昨日からずっと、何となくそんな予感はしていた。
2人は、あのモンスター達と一緒に暮らすという選択はどうしても受け入れられない様だった。
フォルはとりあえず成り行きを見守っていた様だが、コボルトの子供2人を俺が受け入れた時点で心は決まっていたらしい。
クズハは最初からだ。
俺に何も言わずに逃げ出したのは、力尽くでも従わされる可能性を苦慮しての事だろう。
あのスキルの事もクズハには知られてしまったしな。
説得は不可能だった。
じゃあ俺も此処に残って今まで通り一緒に暮らそうと言うと、それも拒絶された。
俺はモンスターなのだから、モンスターと一緒に暮らすのが正しいと言われた。
その言葉が本心から出てきているものなら俺は2人を殺すが構わないよな?と言いながら無理して威圧してみたが、2人は微塵も動揺してくれなかった。
ただ、察してくれ、という悲しい瞳があった。
俺には2人を守る力がある。
2人を救う力がある。
だが、2人の願いを叶える力まではまだ無い。
2人の願いは俺と一緒にいる事では無い。
このままずっと此処で暮らしていく事でもない。
少なくとも、2人は望んでこんな場所にいる訳では無い。
2人の願いは、元の生活に戻ること。
この《宝瓶之迷宮》を抜け出し、近くにあるのか遠くにあるのか分からないが生まれ故郷に帰り、本当の仲間達の元へ帰り、そして人としての営みに戻る事を心の底から望んでいる。
モンスターは敵。
モンスターとは馴れ合ってはいけない。
ましてや、モンスターの群れの中に入って生活するなんてのは以ての外。
たまたま2人は俺という例外に出会い、生き抜くために暫く行動を共にしていたが、それは本来あってはいけない事なのだ。
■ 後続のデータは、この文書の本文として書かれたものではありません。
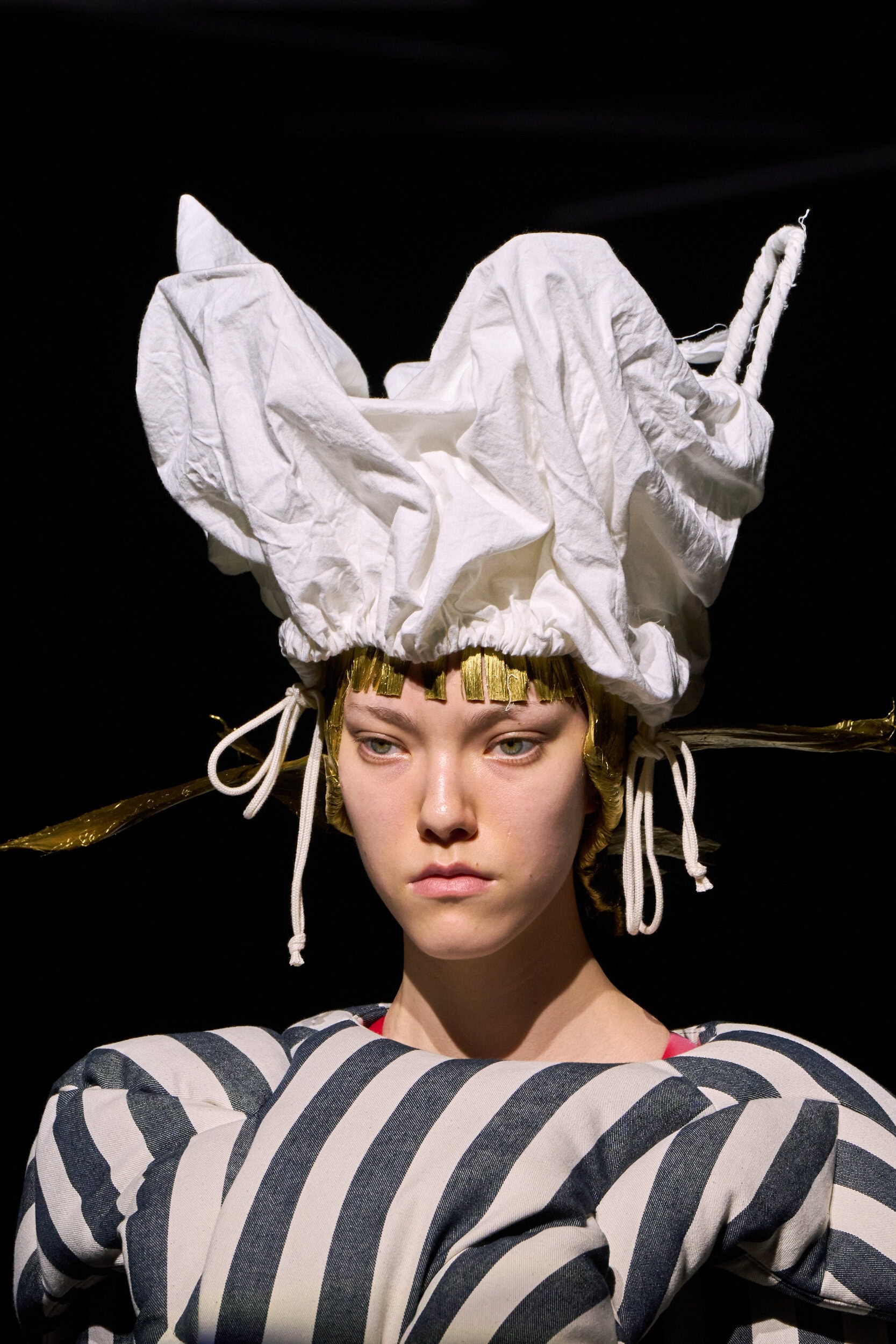 Comme Des Garcons Spring 2027 Fashion Show Details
その事を2人は、あのコボルト達に出会って気付いてしまった。
そして同時に、2人はもう自分だけでも何とか此処で暮らしていける力があるという事を、俺が『存在進化』で殻に籠もっている間に知ってしまっている。
だからもう俺とは一緒に暮らせない、と。
それはとても悲しい言葉だった。
――というのは建前で。
クズハの本音は、思い切り足手纏いになりそうだったから、というものだった。
あの3種族を俺が支配すれば、ダンジョンの外の情報も間違いなく手に入る。
しかしその場に足手纏いの2人がいると俺は動きがかなり制限され、結果的に2人が望んでいる未来は遠ざかってしまう。
早く家に帰るためには、今は俺と一緒にいない方がベストだとクズハは考えていた。
意外に聡い子である。
勿論、生理的にコボルト達とは一緒に暮らせないのも大きな理由ではあるだろうが。
ちなみにフォルの本音は、男の純情とだけ言っておく。
雄だなぁ。
他の理由として、言葉が分からないモンスター達と一緒にいるのも勘弁して欲しいらしい。
意思疎通も出来ない狂暴なモンスター達とは流石に暮らせない、せめて全員が俺の奴隷なら……なんて事も言ってきた。
まぁそりゃそうか。
大丈夫だからと言われて放し飼いの虎やライオンと一緒に暮らせるヤツはいない。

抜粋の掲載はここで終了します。